DATA FOR THIS EXERCISE: Begin

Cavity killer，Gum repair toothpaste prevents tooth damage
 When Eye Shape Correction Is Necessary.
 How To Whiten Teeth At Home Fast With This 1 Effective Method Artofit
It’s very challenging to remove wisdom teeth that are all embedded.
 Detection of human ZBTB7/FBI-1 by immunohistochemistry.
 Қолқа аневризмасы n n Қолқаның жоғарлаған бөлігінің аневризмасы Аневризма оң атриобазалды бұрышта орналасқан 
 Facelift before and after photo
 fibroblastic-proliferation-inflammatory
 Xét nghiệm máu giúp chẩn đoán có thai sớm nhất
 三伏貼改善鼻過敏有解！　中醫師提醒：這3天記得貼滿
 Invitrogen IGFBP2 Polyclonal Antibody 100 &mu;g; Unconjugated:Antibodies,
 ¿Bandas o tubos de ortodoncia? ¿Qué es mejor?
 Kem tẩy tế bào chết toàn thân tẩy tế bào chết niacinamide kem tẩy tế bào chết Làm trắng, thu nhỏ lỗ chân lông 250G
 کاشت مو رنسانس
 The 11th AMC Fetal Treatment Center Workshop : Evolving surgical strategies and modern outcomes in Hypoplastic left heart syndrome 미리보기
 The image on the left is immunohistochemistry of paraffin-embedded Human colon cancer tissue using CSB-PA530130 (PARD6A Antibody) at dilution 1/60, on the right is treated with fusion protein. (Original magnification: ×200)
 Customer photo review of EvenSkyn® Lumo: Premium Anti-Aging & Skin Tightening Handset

DATA FOR THIS EXERCISE: End

For each line above that contains "photo", add one to a count, then state only the final number.

FINISHED TASK: 2